**Exercise data**
#####
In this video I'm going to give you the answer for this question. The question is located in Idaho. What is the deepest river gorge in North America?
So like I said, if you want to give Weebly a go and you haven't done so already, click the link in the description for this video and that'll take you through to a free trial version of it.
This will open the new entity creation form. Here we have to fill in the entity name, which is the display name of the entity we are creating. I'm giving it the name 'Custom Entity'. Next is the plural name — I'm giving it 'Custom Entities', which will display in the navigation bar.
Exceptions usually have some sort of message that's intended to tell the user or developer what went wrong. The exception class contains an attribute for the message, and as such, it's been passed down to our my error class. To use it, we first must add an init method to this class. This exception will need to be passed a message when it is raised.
#####
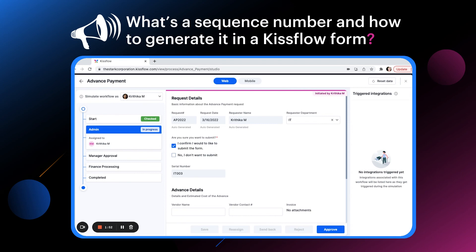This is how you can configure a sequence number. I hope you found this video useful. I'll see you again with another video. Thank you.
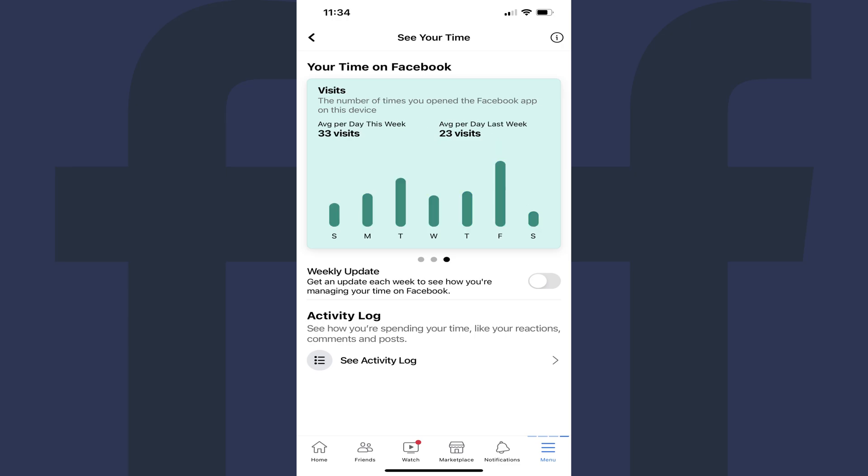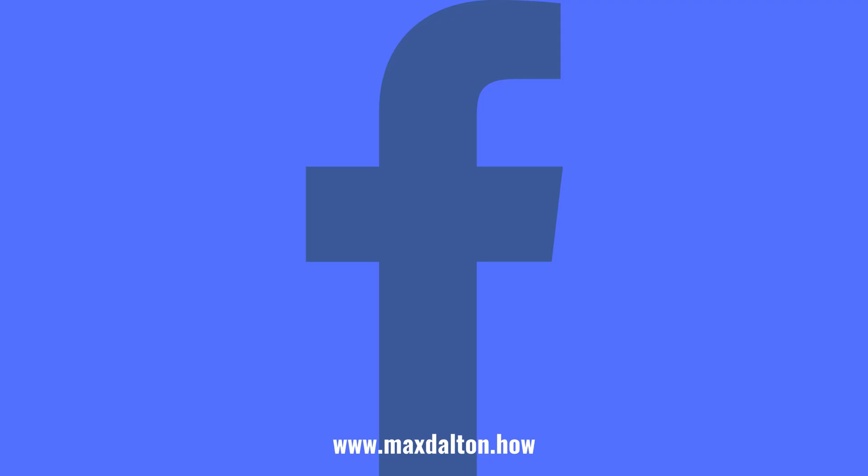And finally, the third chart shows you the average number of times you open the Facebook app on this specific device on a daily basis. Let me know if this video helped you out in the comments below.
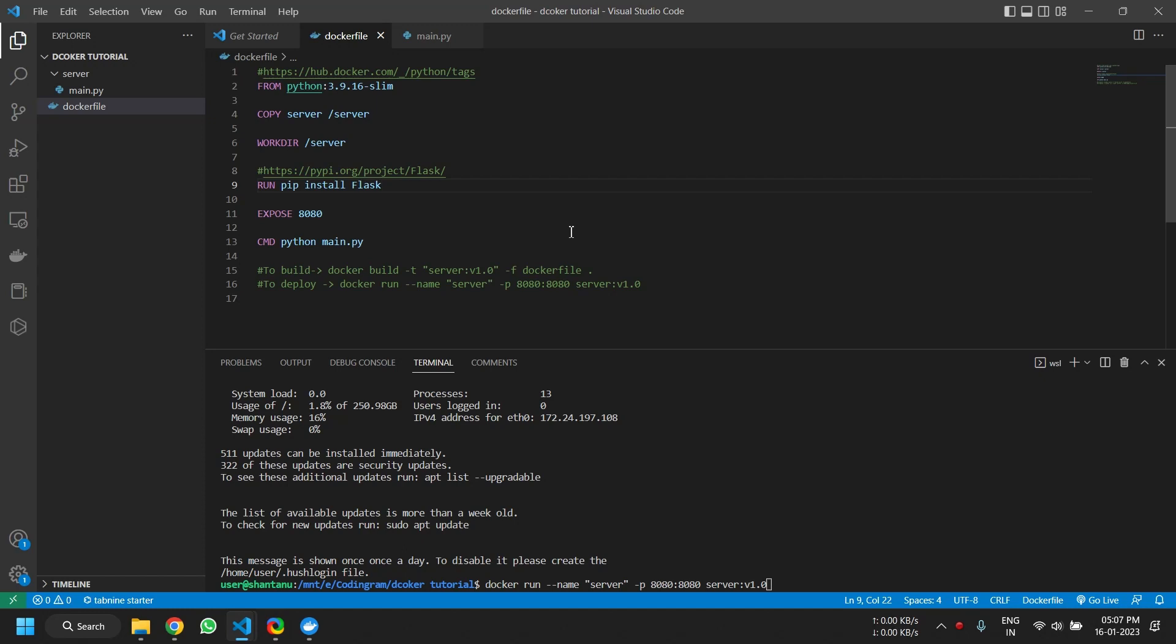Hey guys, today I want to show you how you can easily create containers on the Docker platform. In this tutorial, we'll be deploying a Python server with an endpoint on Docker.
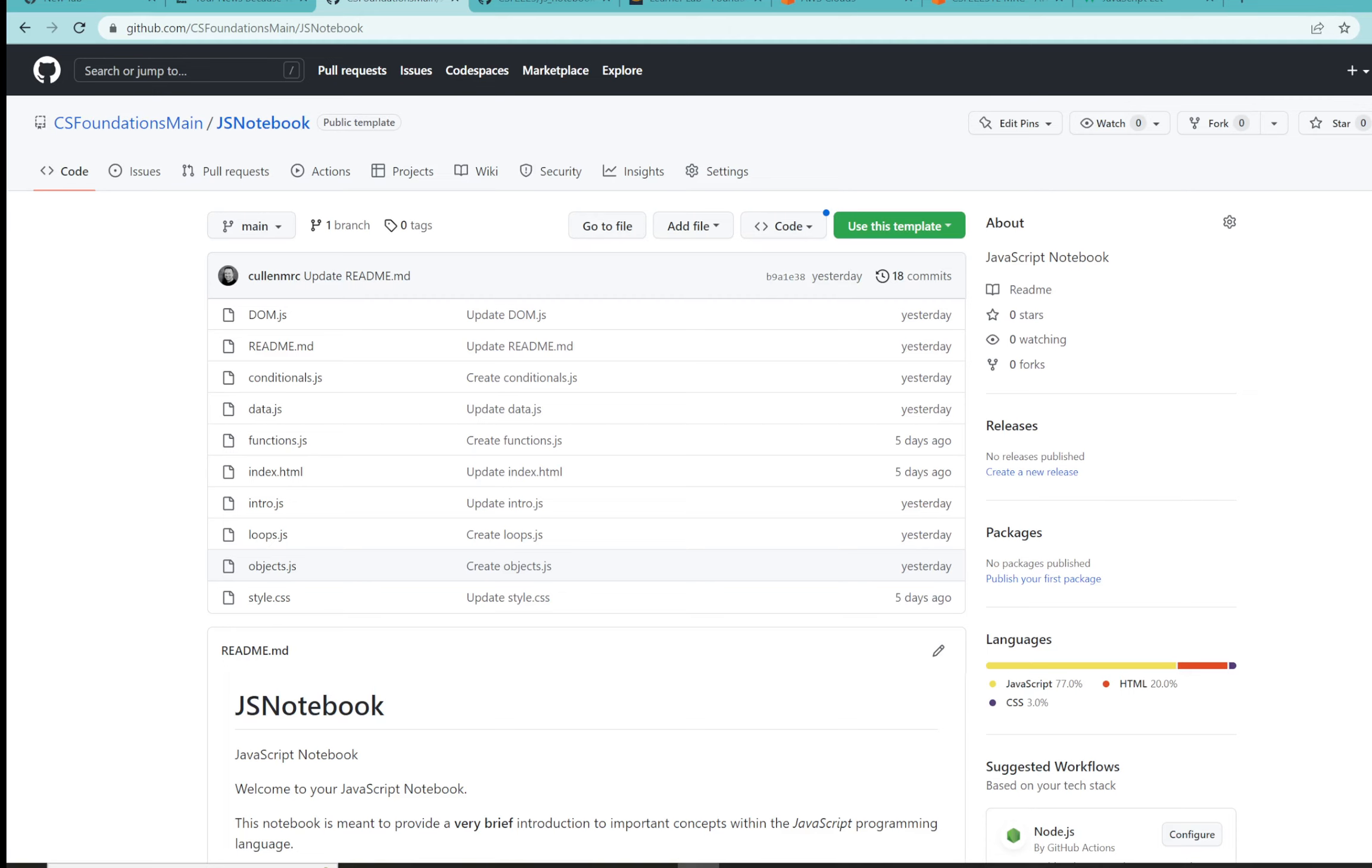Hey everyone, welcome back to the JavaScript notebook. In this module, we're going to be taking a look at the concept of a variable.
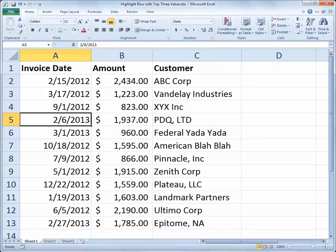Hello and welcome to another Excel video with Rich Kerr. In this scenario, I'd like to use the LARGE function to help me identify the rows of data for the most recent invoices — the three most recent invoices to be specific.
#####
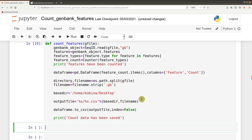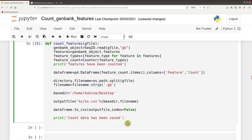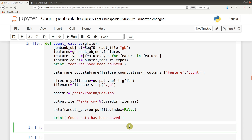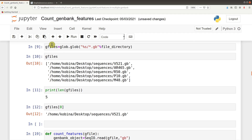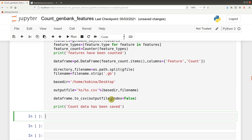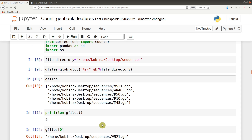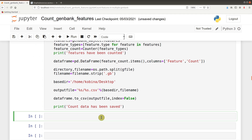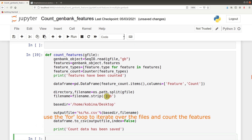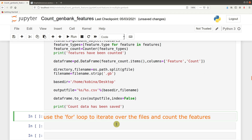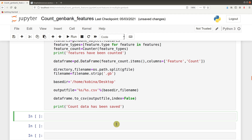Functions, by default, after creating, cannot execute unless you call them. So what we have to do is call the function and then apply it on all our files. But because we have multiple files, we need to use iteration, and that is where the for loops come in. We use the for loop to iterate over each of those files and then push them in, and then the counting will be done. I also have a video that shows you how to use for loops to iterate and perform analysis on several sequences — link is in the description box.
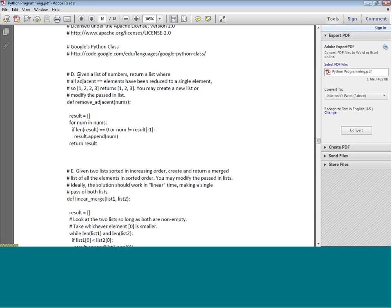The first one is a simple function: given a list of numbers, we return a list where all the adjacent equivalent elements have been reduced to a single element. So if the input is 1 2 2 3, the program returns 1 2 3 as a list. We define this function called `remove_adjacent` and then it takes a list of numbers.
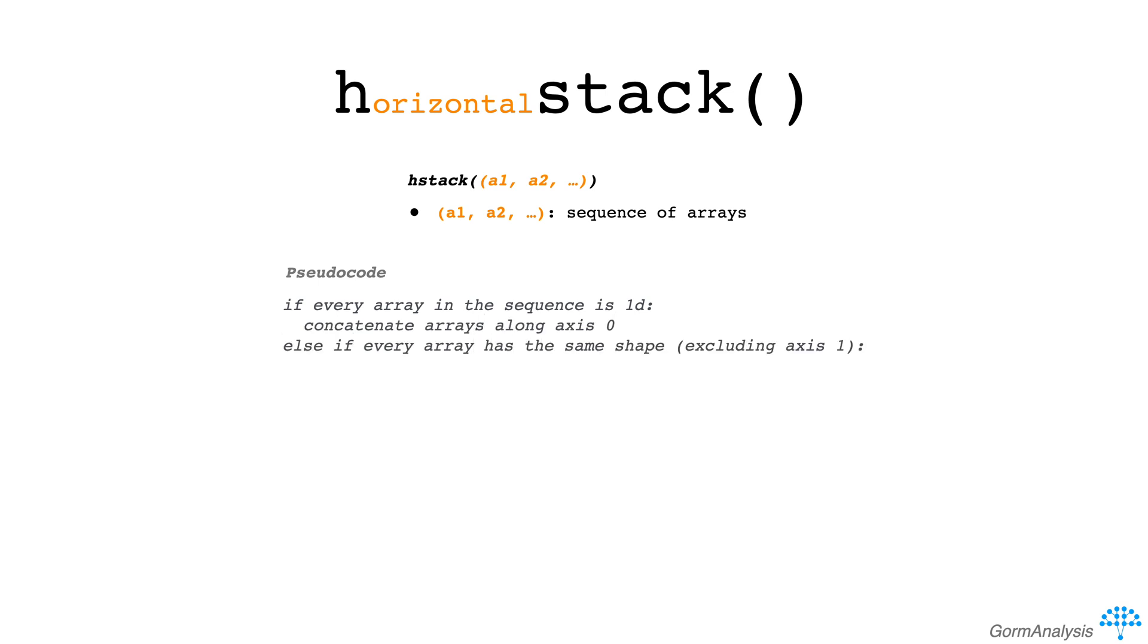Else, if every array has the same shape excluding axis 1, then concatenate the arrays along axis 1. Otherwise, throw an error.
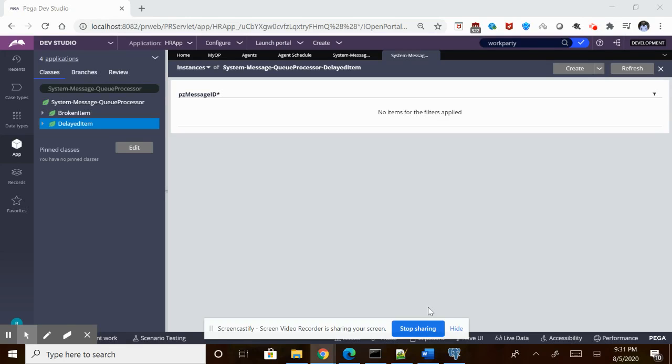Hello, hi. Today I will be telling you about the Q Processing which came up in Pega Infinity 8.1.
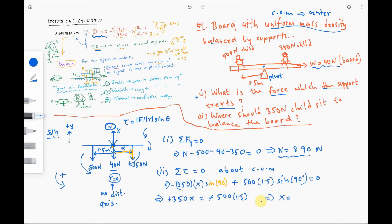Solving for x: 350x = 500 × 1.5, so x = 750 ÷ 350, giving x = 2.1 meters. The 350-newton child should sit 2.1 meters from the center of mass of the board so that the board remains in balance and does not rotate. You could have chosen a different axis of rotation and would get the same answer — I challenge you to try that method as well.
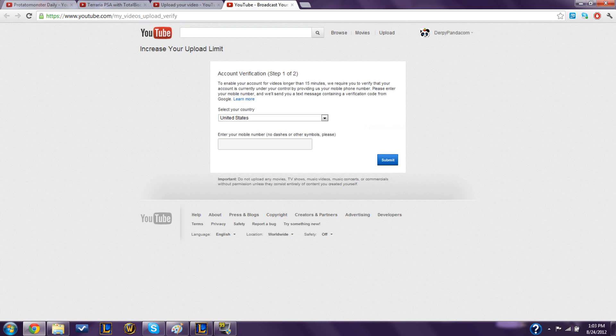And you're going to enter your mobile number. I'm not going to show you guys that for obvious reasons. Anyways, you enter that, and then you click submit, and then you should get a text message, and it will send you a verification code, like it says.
#####
**Instructions for the task**
Here the output must be the lines above from the line with "So like I said, if" to the line with "Exceptions usually have", both included, duplicated word for word and nothing else.

**Output of the exercise**
So like I said, if you want to give Weebly a go and you haven't done so already, click the link in the description for this video and that'll take you through to a free trial version of it.
This will open the new entity creation form. Here we have to fill in the entity name, which is the display name of the entity we are creating. I'm giving it the name 'Custom Entity'. Next is the plural name — I'm giving it 'Custom Entities', which will display in the navigation bar.
Exceptions usually have some sort of message that's intended to tell the user or developer what went wrong. The exception class contains an attribute for the message, and as such, it's been passed down to our my error class. To use it, we first must add an init method to this class. This exception will need to be passed a message when it is raised.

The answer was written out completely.